В ходе этих, бурлящих по-весеннему, фестивальных гастролей русскому хиппи тотчас предложили ангажемент. И будто бы получили в ответ от него несколько смущенное – «А кто же будет кормить моих кошек?». В свое время знаменитые западные продюсеры не обошли вниманием наших советских актрис-красавиц; тот же Голливуд облизывался на Аллу Ларионову. Жерар Филип после показа в Каннах фильма «Летят журавли» предлагал Татьяне Самойловой сняться с ним в экранизации «Анны Карениной». Нине Дробышевой – верной Симе из спектакля «В дороге» присылали сценарий из-за океана.

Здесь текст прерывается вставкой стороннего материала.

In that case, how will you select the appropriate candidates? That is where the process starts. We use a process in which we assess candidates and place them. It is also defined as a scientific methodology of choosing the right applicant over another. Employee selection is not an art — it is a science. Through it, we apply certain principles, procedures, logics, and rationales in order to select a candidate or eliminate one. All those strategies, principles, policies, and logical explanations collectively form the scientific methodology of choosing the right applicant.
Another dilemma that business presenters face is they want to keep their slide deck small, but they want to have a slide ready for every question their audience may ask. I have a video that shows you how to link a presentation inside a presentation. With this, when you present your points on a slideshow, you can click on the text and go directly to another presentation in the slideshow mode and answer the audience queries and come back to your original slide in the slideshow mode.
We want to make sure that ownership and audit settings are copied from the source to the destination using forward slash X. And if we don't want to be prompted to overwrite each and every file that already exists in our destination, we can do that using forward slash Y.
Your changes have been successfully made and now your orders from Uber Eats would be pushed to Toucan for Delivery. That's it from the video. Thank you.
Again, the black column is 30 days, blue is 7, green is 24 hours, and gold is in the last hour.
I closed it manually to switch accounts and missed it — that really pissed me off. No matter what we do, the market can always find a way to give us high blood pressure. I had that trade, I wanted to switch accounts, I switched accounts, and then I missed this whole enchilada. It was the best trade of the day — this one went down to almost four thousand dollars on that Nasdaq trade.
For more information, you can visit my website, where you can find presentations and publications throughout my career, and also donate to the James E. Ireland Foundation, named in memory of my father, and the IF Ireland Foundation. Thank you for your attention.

Но ответ запрашиваемой стороне за подписью министра культуры Екатерины Фурцевой неизменно оставался одним и тем же: «Они все заняты».
Не думаю, что только кошки помешали Бортникову остаться в столице Франции, чтобы доводить до экстаза парижскую публику. Прежде всего, не так он был воспитан, чтобы в одночасье отказаться от родного московского зрителя. В театре у него были главные роли и многообещающие планы с Завадским на будущее, да и подписать контракт в то время с зарубежной капиталистической страной автоматически означало оказаться заклейменным. Нуреевым пугали всех советских актеров, гастролирующих заграницей. Муслим Магомаев каждый раз нервничал, вспоминая о мытарствах, которые он претерпел, чтобы получить разрешение выступать на сцене знаменитой «Олимпии». Это только спустя тридцать лет в пограничные перестроечные Олег Иванович Янковский, последний народный артист СССР, уверенно выходил на сцену парижского театра, не озираясь затравленно по сторонам.

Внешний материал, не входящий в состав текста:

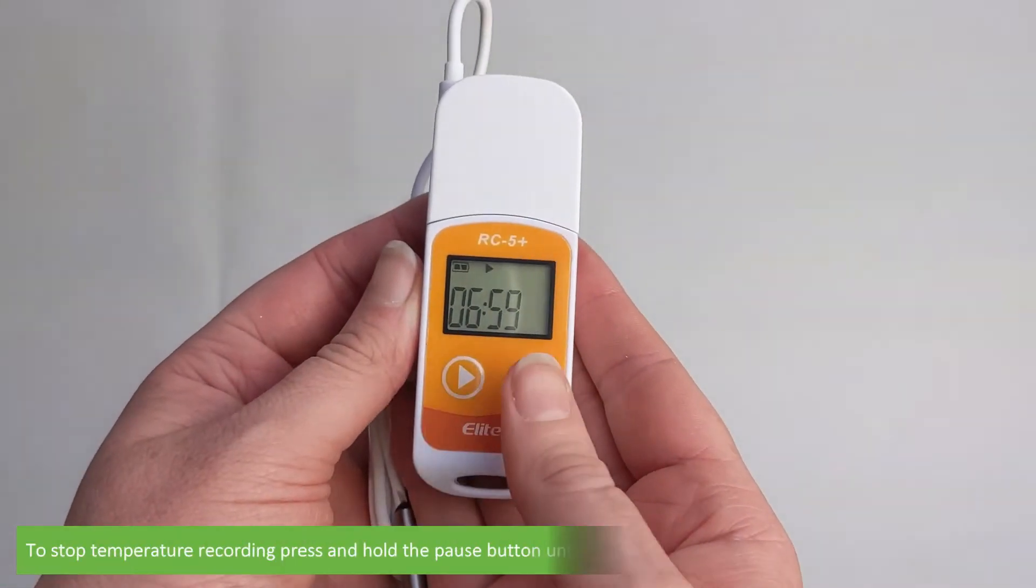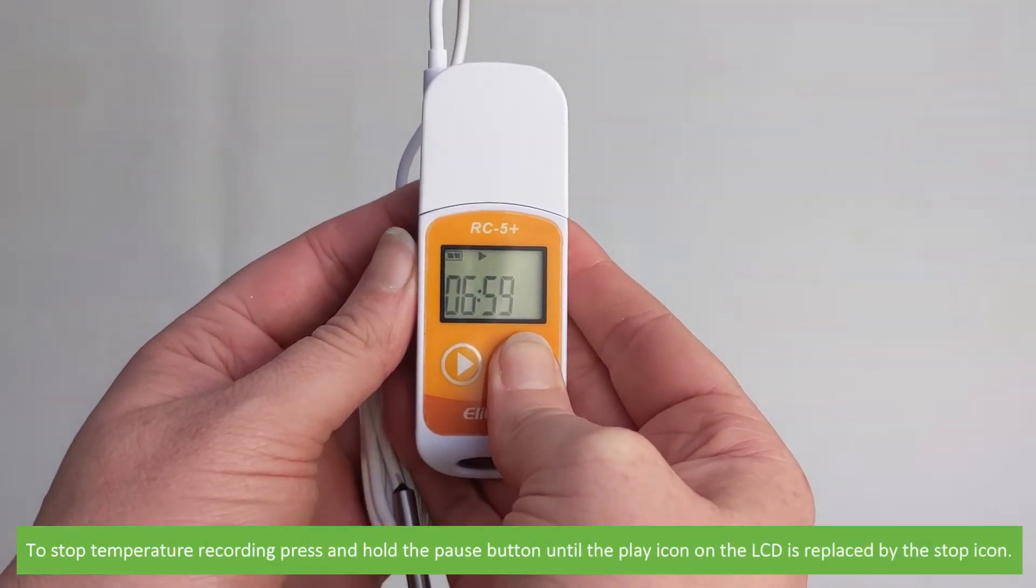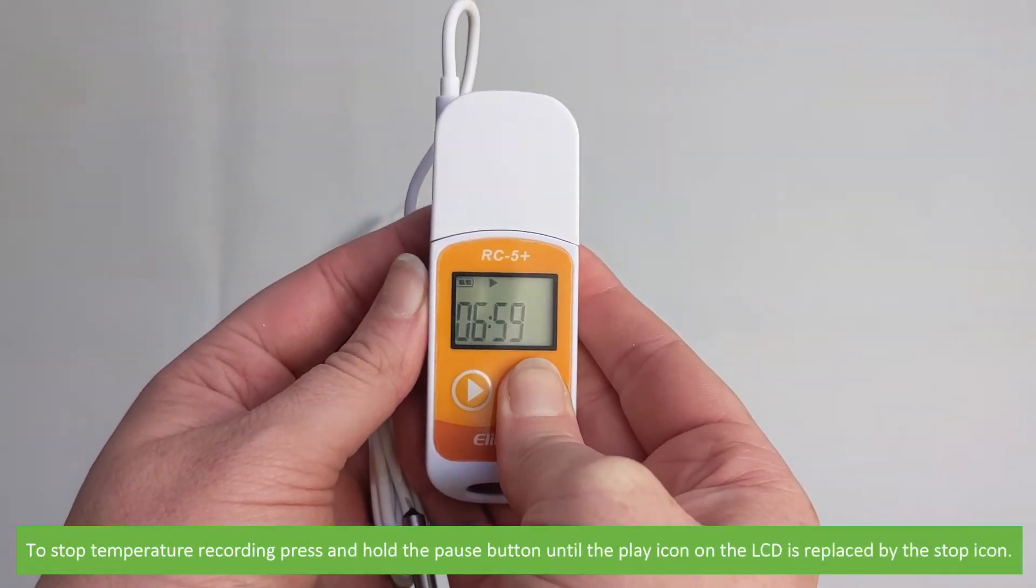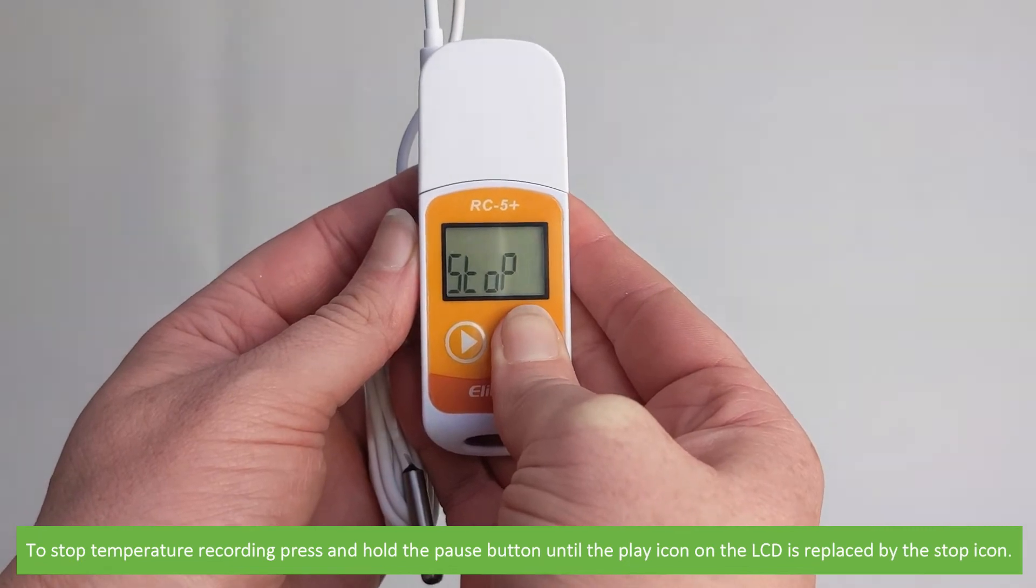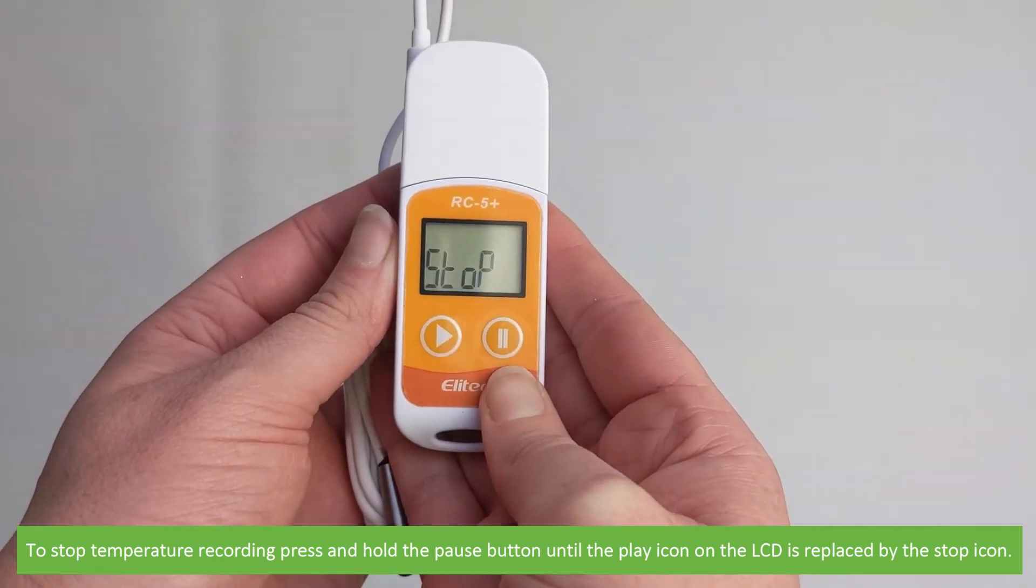To stop temperature recording, press and hold the pause button until the play icon on the LCD is replaced by the stop icon.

После Франции Болгария радушно привечала труппу Завадского местным бренди Плиска и застольями, в финале которых молодых актеров Гену Бортникова и Татьяну Бестаеву выталкивали на сцену сплясать хали-гали и тот же твист. По окончании триумфальных, не побоимся этого определения, гастролей, по возвращении в Москву театр им. Моссовета впал в празднование очередного «-летия» со дня своего основания, где Бортников в пиджаке с блесткой с сияющим взглядом мелькал на телевидении, то на Голубом Огоньке, то на юбилейной вечере театра.
Маркиза театра
«Маркиза советского театра» – название телепрограммы, которая вышла на канале «Культура» в двухтысячные и была посвящена режиссеру театра им Моссовета – Ирине Сергеевне Анисимовой-Вульф. По отношению к Ирине Сергеевне кастовое обращение «маркиза», как фирменный ярлык, конечно, не случайно. Дворянское происхождение, отточенное изящество манер, французский язык с гимназии – все это соотносило ее с любимым веком Марины Цветаевой – эпохой Людовиков. Но и в России было достойное общество. Она – подружка Норочки (Вероники Витольдовны Полонской), Лили Брик, Маяковского.

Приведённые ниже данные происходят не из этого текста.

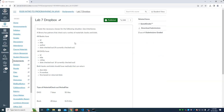The next thing we're going to talk about is very closely related to abstract classes, and that is what's called an interface.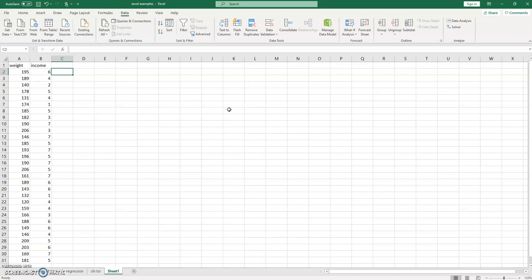So this isn't actually that hard to do. Here what we have are the weights of some individuals and the income brackets into which they fall. Obviously weight can be treated as continuous, but the income is a bracket. So this is an ordinal piece of data. We would not want to presume it to be continuous.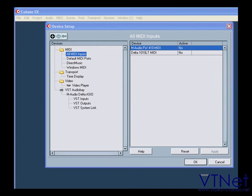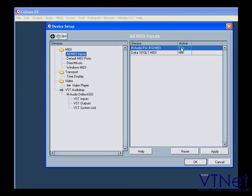Let's set up our external MIDI devices and MIDI ports. Under All MIDI Inputs, I'm going to activate both available MIDI devices. This gives me the option of recording all incoming MIDI data to the same MIDI track.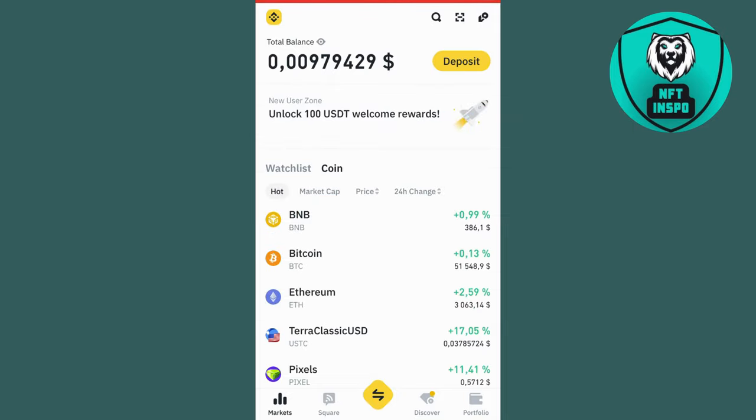So what you're going to do firstly is go into your Binance app on your phone and then log into your Binance account. After you have done so, you should be taken to this page right here.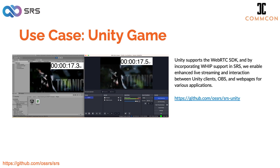For instance, you can use SRS as an SFU server to let multiple Unity clients communicate through WebRTC. Or you can use Unity clients to access live streaming from OBS, or interact with Unity clients through a web page. For sub-second live streaming, it's important to note that WHIP is a key signaling protocol while WebRTC focuses on media. So emphasizing WHIP is crucial when connecting different systems and projects.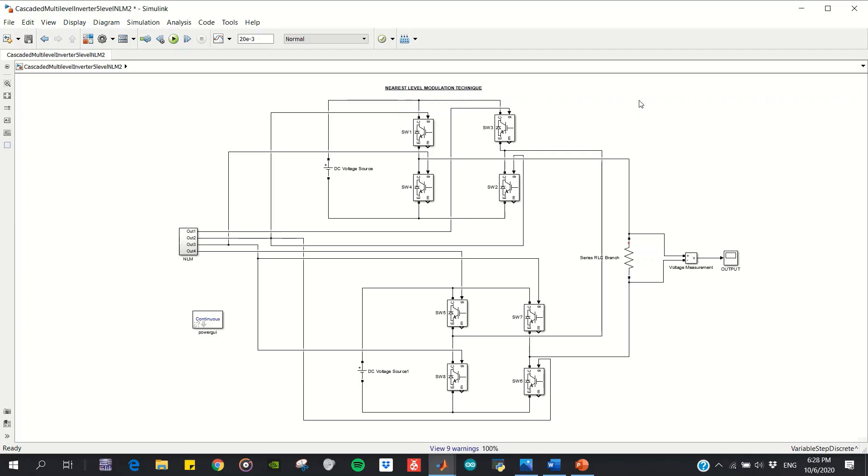Assalamualaikum and good day. In this video, I will demonstrate my final year project simulation, which is a cascaded multi-level inverter employing nearest level modulation and multi-carrier PWM switching techniques. First of all, I would like to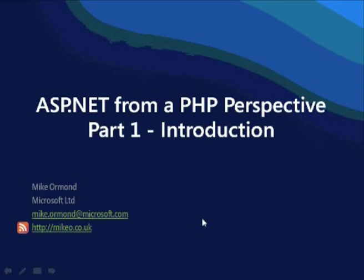Hello and welcome to this session on ASP.NET from a PHP perspective. My name is Mike Ormond. I work at Microsoft Limited in the UK. The purpose of this session is really an introduction to ASP.NET. If you're an existing PHP developer with some experience of PHP, I'm going to describe the similarities between the two platforms, some of the differences you're likely to encounter doing ASP.NET development, the likely stumbling blocks, and give you a flavor for what ASP.NET is, why it is the way it is, and the process behind building ASP.NET applications.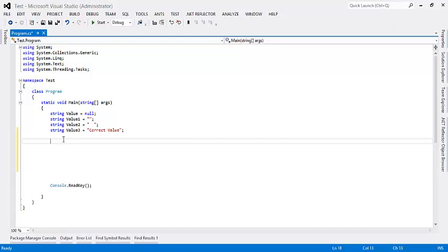Say we want some proper string value after validation. It could be a string variable or a property of a class of type string or a control text property in any UI-based application. Here we could have four possible values.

Сценка где-то на юге: Лиля Брик и Ирина Анисимова загорают на пляже. Между Брик и Маяковским разлад. Лиля поднимается и идет плавать. Мимо в белом костюме проходит Маяковский, заприметив их, останавливается, входит в костюме в воду и выносит Лилю Брик на руках. Серебряные отношения серебряного века.
Мать Ирины Сергеевны – Павла Леонтьевна Вульф была талантливой провинциальной актрисой, воспитавшей Фаину Раневскую. В семье, где дар матери современники сравнивали с легендарным талантом Комиссаржевской, путь дочери лежал на сцену. В 1924 году из шестидесяти абитуриентов, допущенных к экзаменам, она в числе шести человек была зачислена в школу Художественного театра. Здесь Юрий Завадский, тогда еще актер МХАТа, и встретил молодую очаровательную Ирину Вульф.
В юности Ирина Сергеевна – «Голубая роза». Оторванная стихийным ветром революции от «судейкинских каруселей» и «сомовских фонтанов», она не примиряет на себя тужурку комиссара для пьесы «Оптимистическая трагедия». В судьбоносные «окаянные дни», отступая в тень, прячет свой темперамент, согревает русскую культуру под сердцем за пазухой. Ее льдину-островок прибило к студии Завадского в 1934 году. Отныне она – с Завадским, десять лет – за Завадским. Была женой, осталась другом, соратником, сорежиссёром. Ставя спектакли, делала основную черновую работу. Передавала в руки главрежа готовый материал и отходила в тень. Ее послужной список в театре им. Моссовета – 40 спектаклей. Вне театральных стен вела курс режиссуры в ГИТИСе.
Высокая, сутулая, нервная и спокойная, страстная и непроницаемая одновременно, в вечном ореоле папиросного дыма. Как бы ни была занята в театре и в институте, никогда не пропускала своих спектаклей. Что оставалось ей – пристраститься к папиросам «Беломор» и ночному покеру с подружками, среди которых та же Норочка Полонская.